MATERIAL SUPPLIED Start Marker

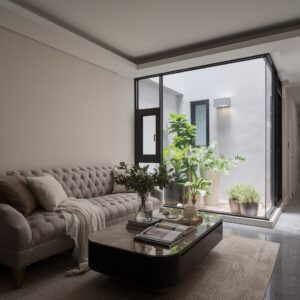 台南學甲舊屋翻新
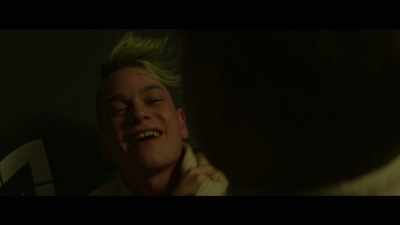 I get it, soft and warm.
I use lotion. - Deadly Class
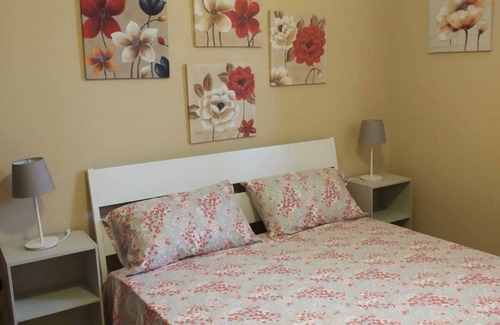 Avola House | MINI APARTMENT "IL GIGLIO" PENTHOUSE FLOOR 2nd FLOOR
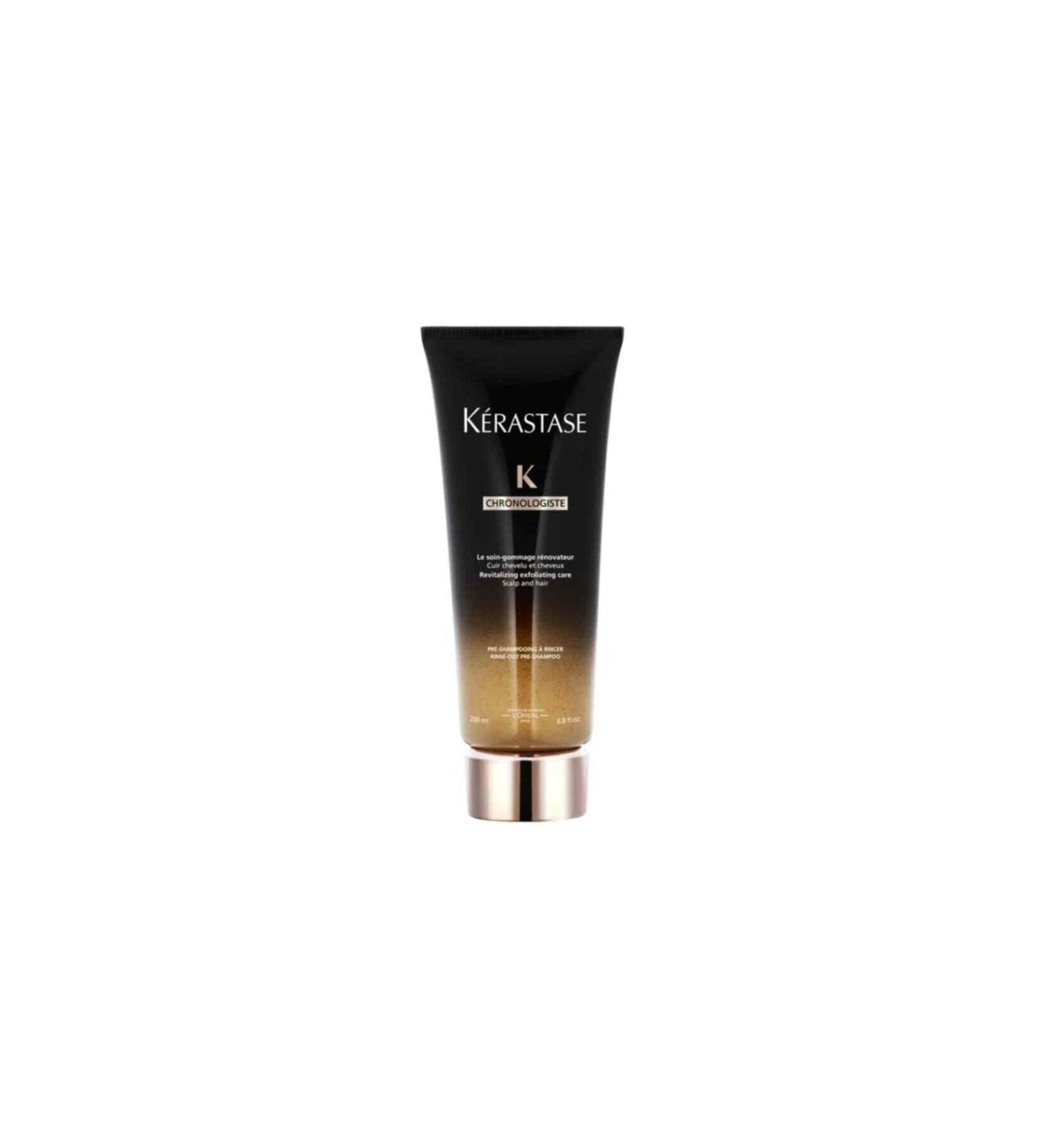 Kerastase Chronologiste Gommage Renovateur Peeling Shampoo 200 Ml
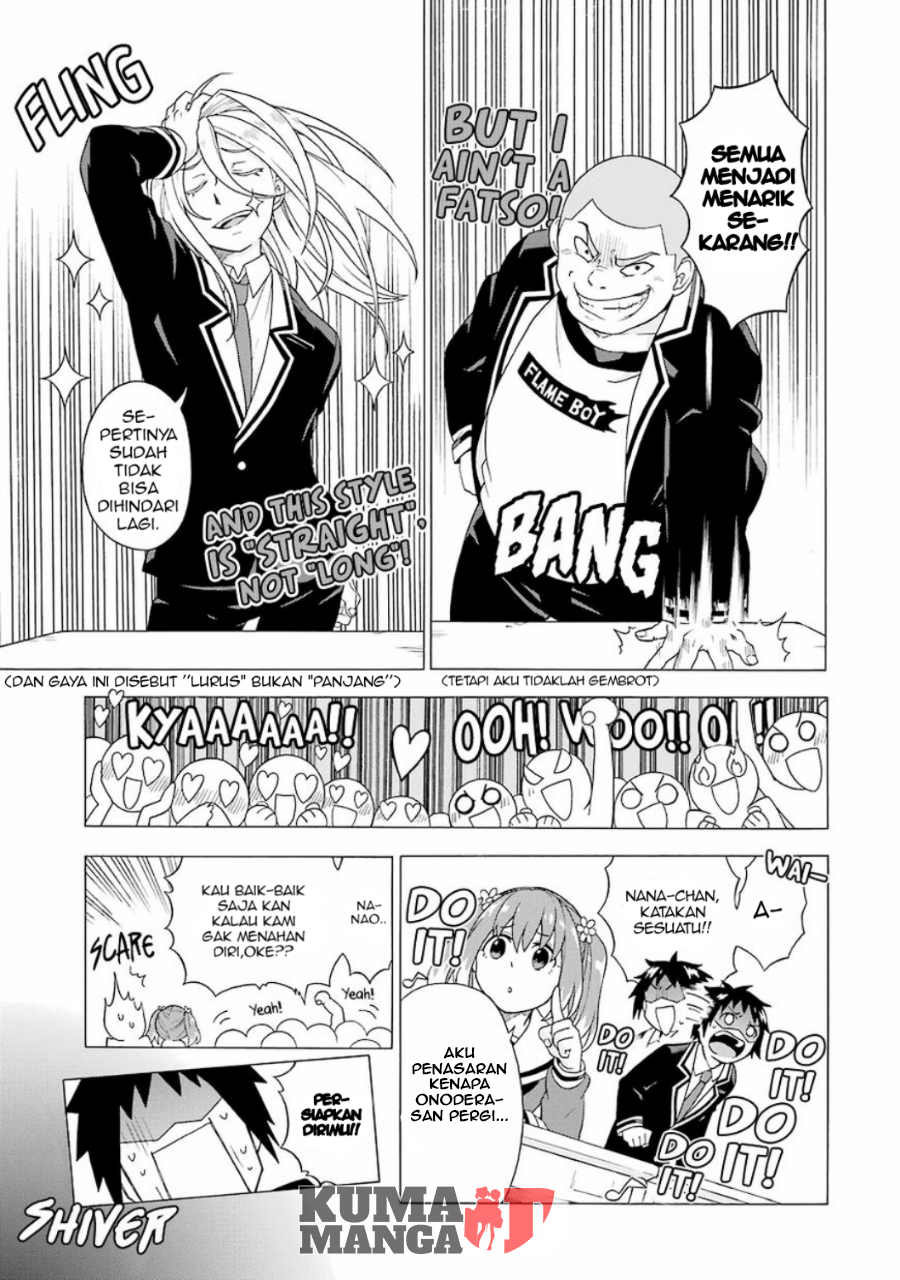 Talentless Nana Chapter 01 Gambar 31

MATERIAL SUPPLIED End Marker

__WORK TASK__: Without including any pictures, output all the entries above exactly.

__TASK RESULT__:
 台南學甲舊屋翻新
 I get it, soft and warm.
I use lotion. - Deadly Class
 Avola House | MINI APARTMENT "IL GIGLIO" PENTHOUSE FLOOR 2nd FLOOR
 Kerastase Chronologiste Gommage Renovateur Peeling Shampoo 200 Ml
 Talentless Nana Chapter 01 Gambar 31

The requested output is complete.